TASK STATEMENT: Extract the stretch of lines that starts at the line with "cute kitten tree" and ends at the last line of the data below. Give it exactly, without pictures.

::: INFORMATION SUPPLIED :::

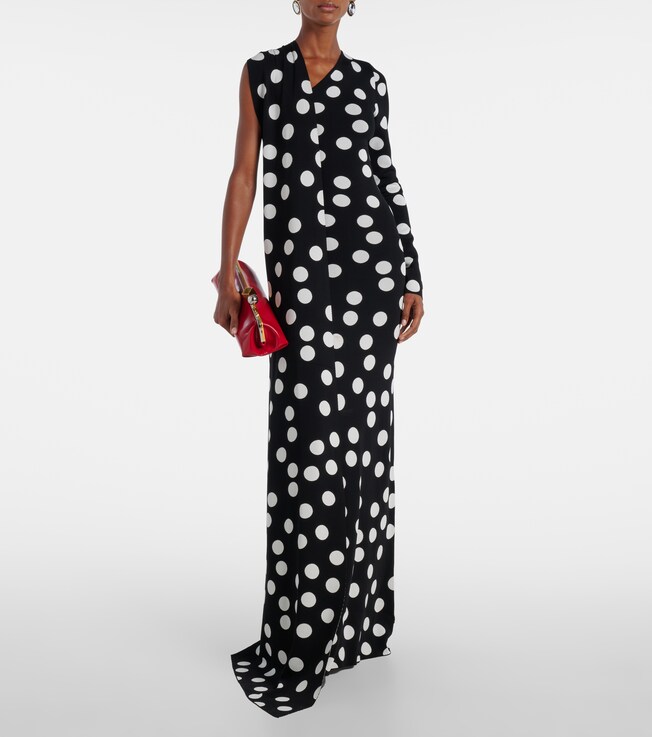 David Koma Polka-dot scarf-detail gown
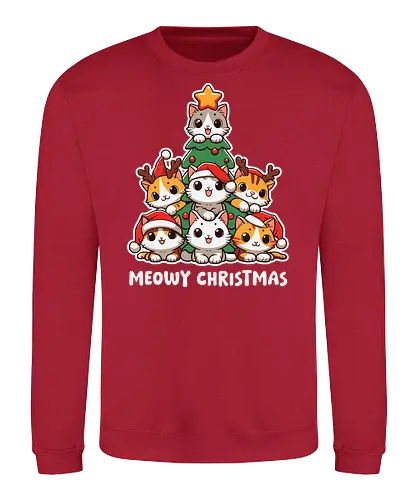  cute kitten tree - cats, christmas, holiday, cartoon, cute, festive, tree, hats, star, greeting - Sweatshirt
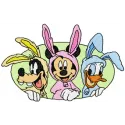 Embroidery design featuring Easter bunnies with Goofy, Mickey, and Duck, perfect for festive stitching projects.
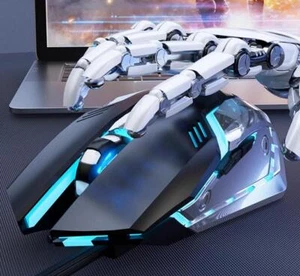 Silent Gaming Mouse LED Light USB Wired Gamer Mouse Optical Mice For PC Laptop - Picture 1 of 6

:::

EXERCISE RESPONSE:
  cute kitten tree - cats, christmas, holiday, cartoon, cute, festive, tree, hats, star, greeting - Sweatshirt
 Embroidery design featuring Easter bunnies with Goofy, Mickey, and Duck, perfect for festive stitching projects.
 Silent Gaming Mouse LED Light USB Wired Gamer Mouse Optical Mice For PC Laptop - Picture 1 of 6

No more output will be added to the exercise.